Split a big txt file to do grep - unix - bash

I work (unix, shell scripts) with txt files that are millions field separate by pipe and not separated by \n or \r.
something like this:
field1a|field2a|field3a|field4a|field5a|field6a|[...]|field1d|field2d|field3d|field4d|field5d|field6d|[...]|field1m|field2m|field3m|field4m|field5m|field6m|[...]|field1z|field2z|field3z|field4z|field5z|field6z|
All text is in the same line.
The number of fields is fixed for every file.
(in this example I have field1=name; field2=surname; field3=mobile phone; field4=email; field5=office phone; field6=skype)
When I need to find a field (ex field2), command like grep doesn't work (in the same line).
I think that a good solution can be do a script that split every 6 field with a "\n" and after do a grep. I'm right? Thank you very much!

With awk :
$ cat a
field1a|field2a|field3a|field4a|field5a|field6a|field1d|field2d|field3d|field4d|field5d|field6d|field1m|field2m|field3m|field4m|field5m|field6m|field1z|field2z|field3z|field4z|field5z|field6z|
$ awk -F"|" '{for (i=1;i<NF;i=i+6) {for (j=0; j<6; j++) printf $(i+j)"|"; printf "\n"}}' a
field1a|field2a|field3a|field4a|field5a|field6a|
field1d|field2d|field3d|field4d|field5d|field6d|
field1m|field2m|field3m|field4m|field5m|field6m|
field1z|field2z|field3z|field4z|field5z|field6z|
Here you can easily set the length of line.
Hope this helps !

you can use sed to split the line in multiple lines:
sed 's/\(\([^|]*|\)\{6\}\)/\1\n/g' input.txt > output.txt
explanation:
we have to use heavy backslash-escaping of (){} which makes the code slightly unreadable.
but in short:
the term (([^|]*|){6}) (backslashes removed for readability) between s/ and /\1, will match:
[^|]* any character but '|', repeated multiple times
| followed by a '|'
the above is obviously one column and it is grouped together with enclosing parantheses ( and )
the entire group is repeated 6 times {6}
and this is again grouped together with enclosing parantheses ( and ), to form one full set
the rest of the term is easy to read:
replace the above (the entire dataset of 6 fields) with \1\n, the part between / and /g
\1 refers to the "first" group in the sed-expression (the "first" group that is started, so it's the entire dataset of 6 fields)
\n is the newline character
so replace the entire dataset of 6 fields by itself followed by a newline
and do so repeatedly (the trailing g)

you can use sed to convert every 6th | to a newline.
In my version of tcsh I can do:
sed 's/\(\([^|]\+|\)\{6\}\)/\1\n/g' filename
consider this:
> cat bla
a1|b2|c3|d4|
> sed 's/\(\([^|]\+|\)\{6\}\)/\1\n/g' bla
a1|b2|
c3|d4|
This is how the regex works:
[^|] is any non-| character.
[^|]\+ is a sequence of at least one non-| characters.
[^|]\+| is a sequence of at least one non-| characters followed by a |.
\([^|]\+|\) is a sequence of at least one non-| characters followed by a |, grouped together
\([^|]\+|\)\{6\} is 6 consecutive such groups.
\(\([^|]\+|\)\{6\}\) is 6 consecutive such groups, grouped together.
The replacement just takes this sequence of 6 groups and adds a newline to the end.

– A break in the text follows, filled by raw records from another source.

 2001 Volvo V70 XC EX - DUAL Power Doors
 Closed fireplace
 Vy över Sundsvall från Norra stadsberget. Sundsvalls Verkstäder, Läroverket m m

Here is how I would do it with awk
awk -v RS="|" '{printf $0 (NR%7?RS:"\n")}' file
field1a|field2a|field3a|field4a|field5a|field6a|[...]
field1d|field2d|field3d|field4d|field5d|field6d|[...]
field1m|field2m|field3m|field4m|field5m|field6m|[...]
field1z|field2z|field3z|field4z|field5z|field6z|
Just adjust the NR%7 to number of field you to what suites you.

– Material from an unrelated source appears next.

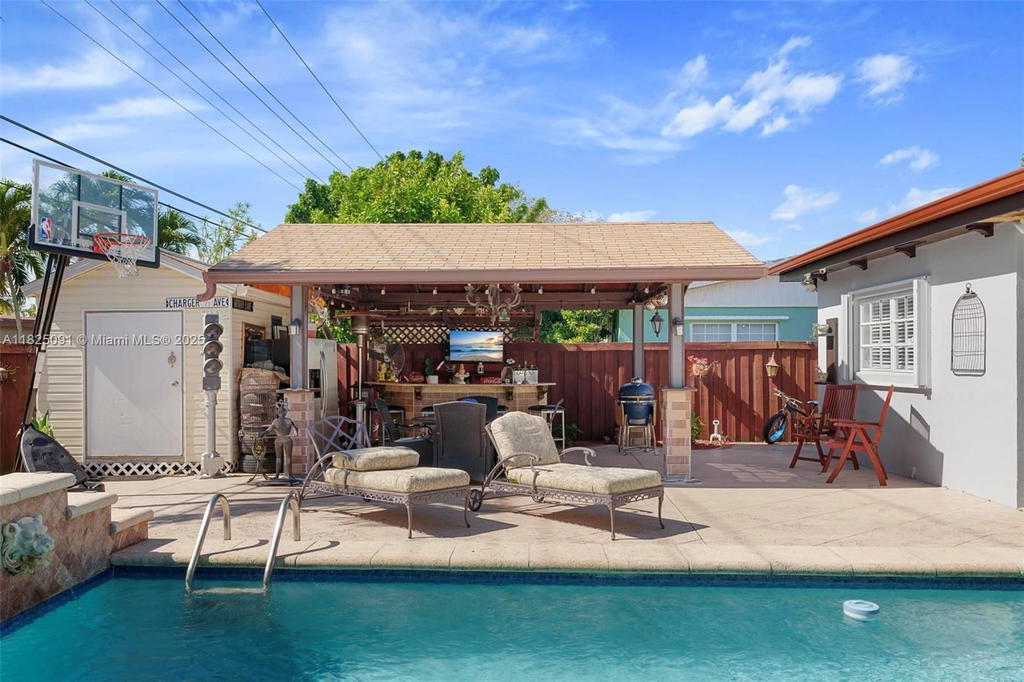 Real estate property located at 9400 Caribbean Blvd, Miami-dade, Pine Tree Manor Sec 1, Cutler Bay, FL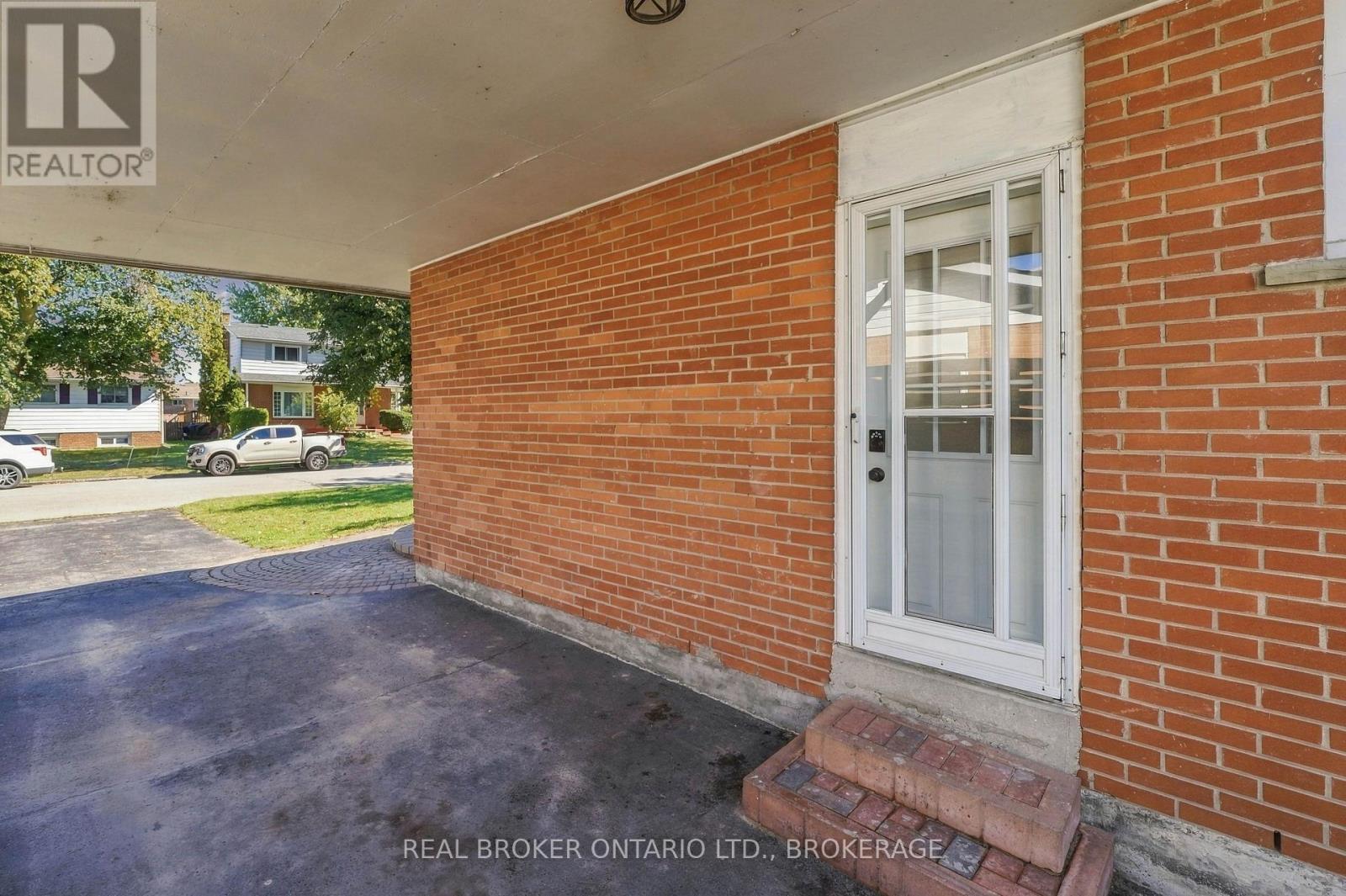 65 Barbara Street, Quinte West, Ontario  K8V 1Z6 - Photo 4 - X13886328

What about printing the lines on blocks of six?
$ awk 'BEGIN{FS=OFS="|"} {for (i=1; i<=NF; i+=6) {print $(i), $(i+1), $(i+2), $(i+3), $(i+4), $(i+5)}}' file
field1a|field2a|field3a|field4a|field5a|field6a
field1d|field2d|field3d|field4d|field5d|field6d
field1m|field2m|field3m|field4m|field5m|field6m
field1z|field2z|field3z|field4z|field5z|field6z
Explanation
BEGIN{FS=OFS="|"} set input and output field separator as |.
{for (i=1; i<=NF; i+=6) {print $(i), $(i+1), $(i+2), $(i+3), $(i+4), $(i+5)}} loop through items on blocks of 6. Every single time, print six of them. As print end up writing a new line, then you are done.

If you want to treat the files as being in multiple lines, then make \n the field separator. For example, to get the 2nd column, just do:
tr \| \\n < input-file | sed -n 2p
To see which columns match a regex, do:
tr \| \\n < input-file | grep -n regex

Related

How to replace a specific character in a file, only on the lines by counting this specific character in the line?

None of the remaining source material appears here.